Sinoti Sinoti
- Born: Sinoti To'omaga Sinoti 9 September 1985 (age 40) Wellington, New Zealand
- Height: 1.74 m (5 ft 9 in)
- Weight: 100 kg (15 st 10 lb; 220 lb)
- Notable relative: Jerry Collins (cousin)
- Occupation: professional rugby player

Rugby union career
- Position: Wing

Senior career
- Years: Team / Apps / (Points)
- 2008–2009: Toulon / 20 / (40)
- 2009–2010: Castres Olympique / 2 / (0)
- 2010–2011: Hawke's Bay / 12 / (20)
- 2011–2012: Aironi / 25 / (20)
- 2012–2013: Zebre / 19 / (15)
- 2013: Wellington / 1 / (5)
- 2013−2020: Newcastle Falcons / 94 / (100)
- Correct as of 16 November 2020

International career
- Years: Team / Apps / (Points)
- 2010−2018: Samoa / 9 / (5)
- Correct as of 25 October 2018

= Sinoti Sinoti =

Samoa international rugby union player

Sinoti Sinoti (born 9 September 1985) is a New Zealand-born Rugby Union footballer. He is now retired but played for the Samoa national rugby union team.

==Club career==
Prior to the start of the 2008–09 season Sinoti began his professional career with French club Toulon, playing in the same team as cousin Jerry Collins. Following a two-year spell in France, including a spell with Castres Olympique, he returned to New Zealand, and played for Hawkes' Bay in the National Provincial competition.

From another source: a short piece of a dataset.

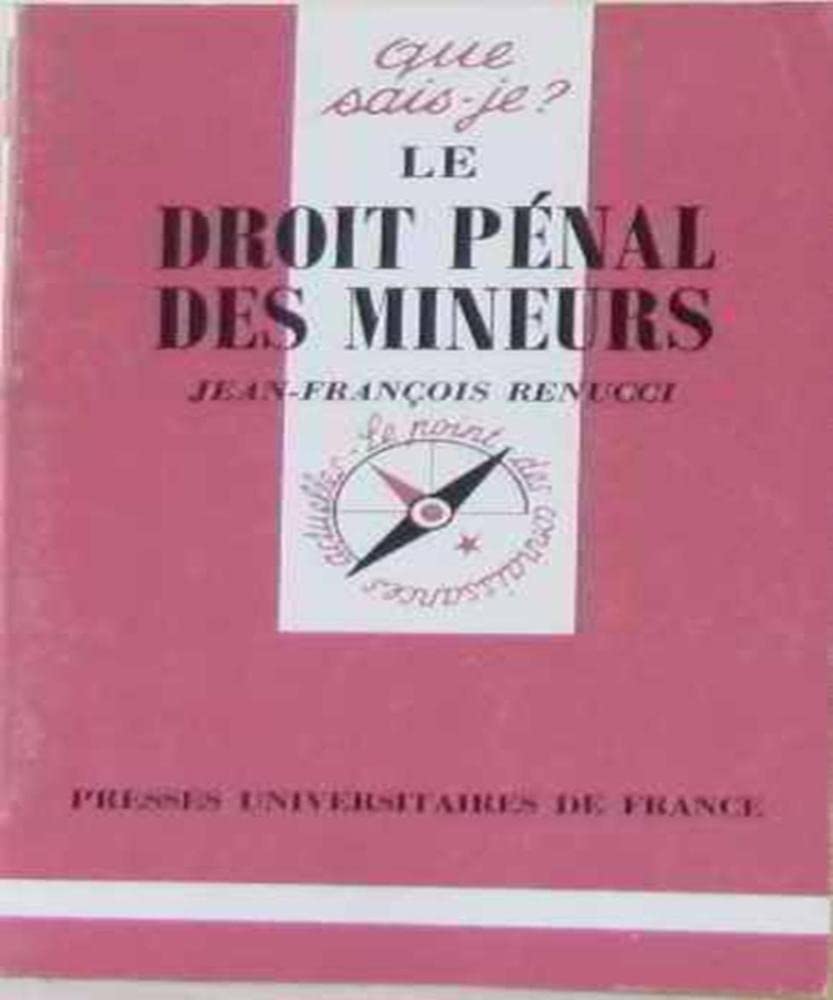 Le droit pénal des mineurs book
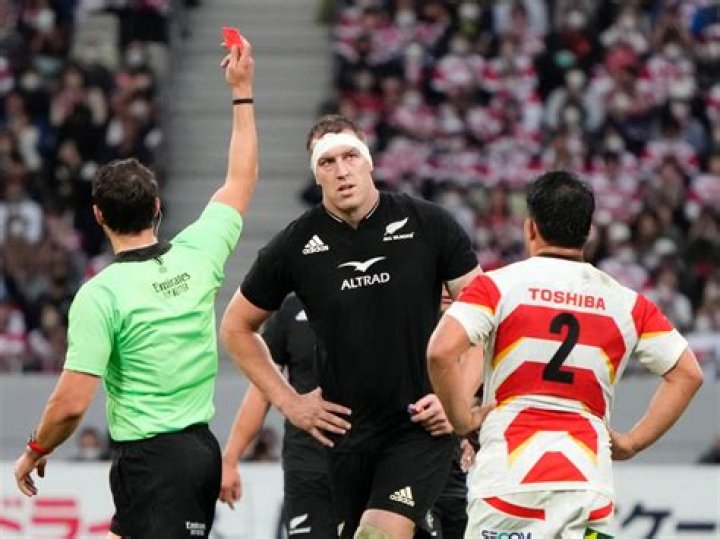 All Blacks survive scare against Japan despite Retallick's red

In September 2011 he signed a contract to play with Italian team Aironi. Following the demise of Aironi due to financial problems, he joined up with the replacement Italian representatives in the Pro 12 league, Zebre. He left Zebre at the end of the 2012/13 season, and joined Wellington for the 2013 ITM Cup campaign.

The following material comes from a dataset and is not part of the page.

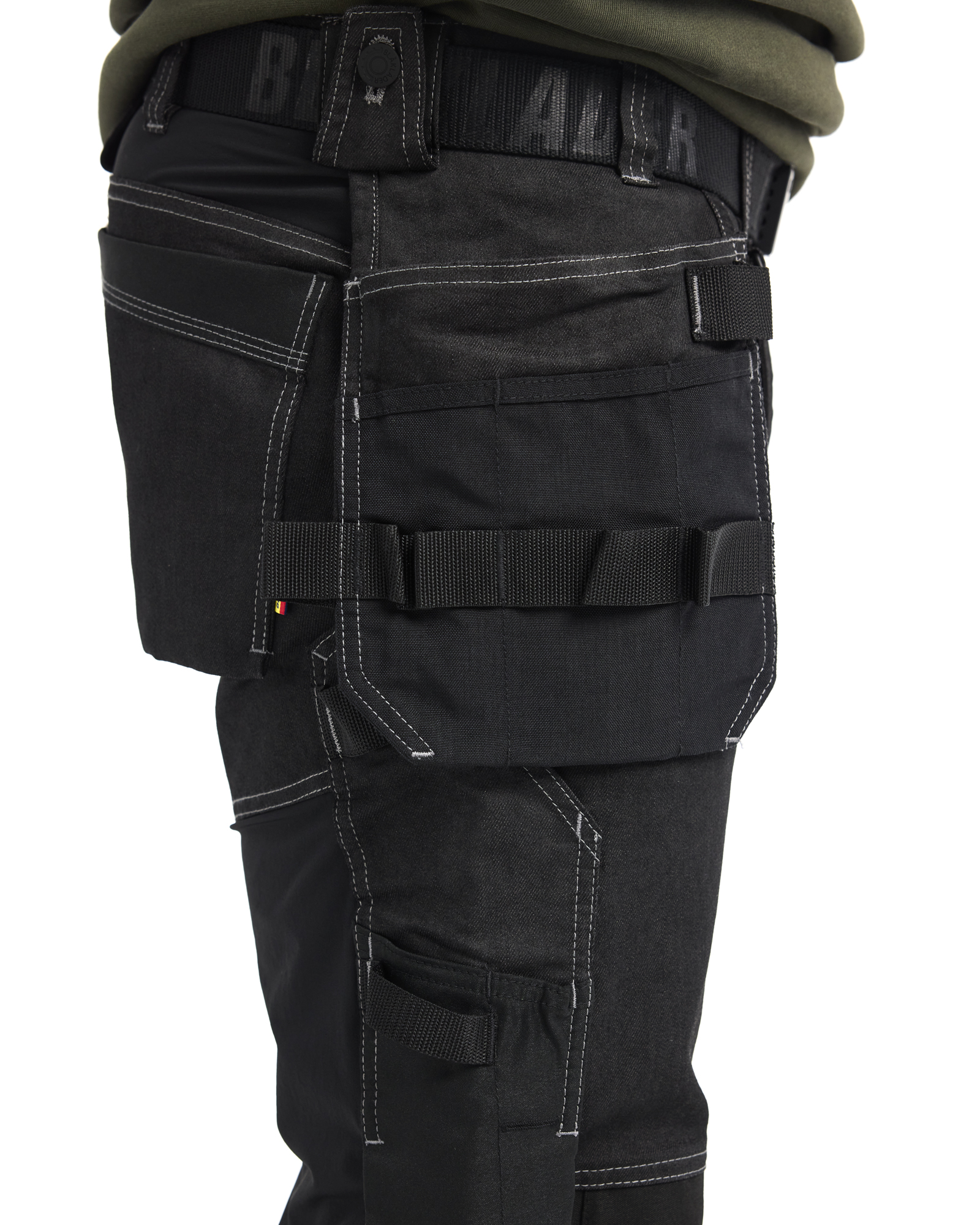Pantalon artisan denim stretch avec poches flottantes - Blåkläder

On 24 December 2013, Sinoti signed for English side Newcastle Falcons in the Aviva Premiership for the 2013–14 season. He quickly became a fan favourite due to his footwork, determination and aggression on the pitch, as well as his friendly and joking manner off the pitch.

In January 2018, he was awarded Try of the Week for his week-13 try against London Irish.

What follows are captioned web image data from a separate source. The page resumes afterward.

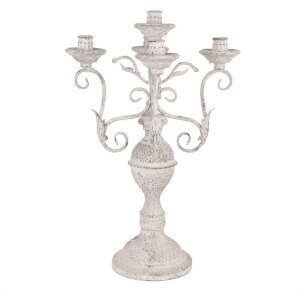 Clayre & Eef 5Y1291 Suport Lumânări Fier Alb...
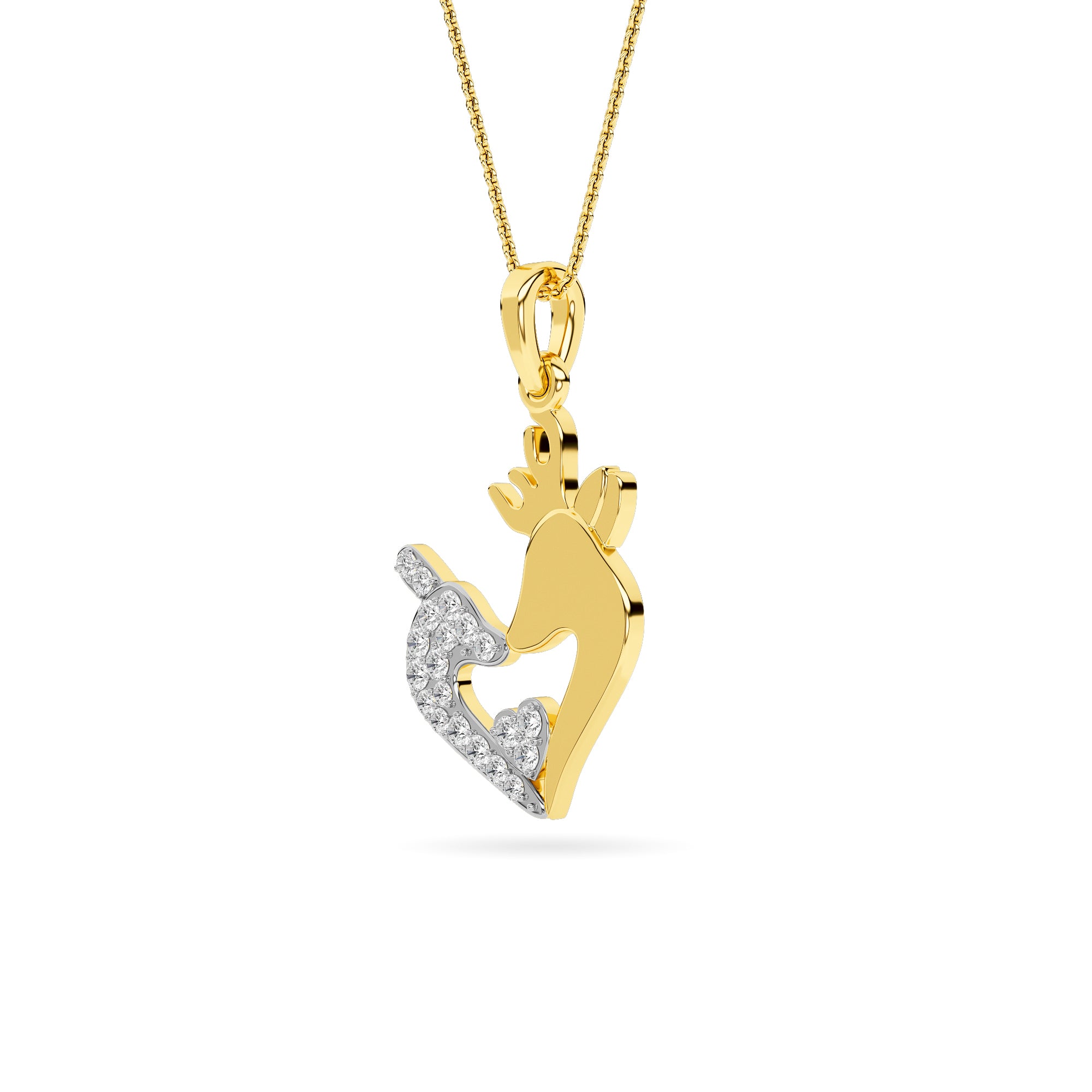 14KT Diamond Pendant PD00284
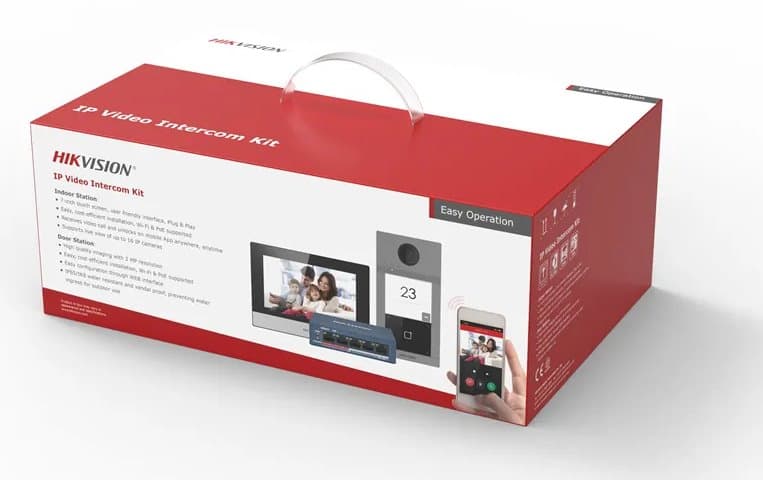 Hikvision DS-KIS604-S(C) sada IP interkomu se switchem a microSD kartou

He left Newcastle for personal reasons with immediate effect on 16 November 2020.

==International career==
On 30 October 2010 Sinoti made his test debut for Samoa, against Japan.

An injury sustained on international duty saw Sinoti miss the Rugby World Cup 2015 in England.

In summer 2018, he was recalled to join the Samoa national rugby team that beat Germany to qualify for a place in the Rugby World Cup 2019 in Japan.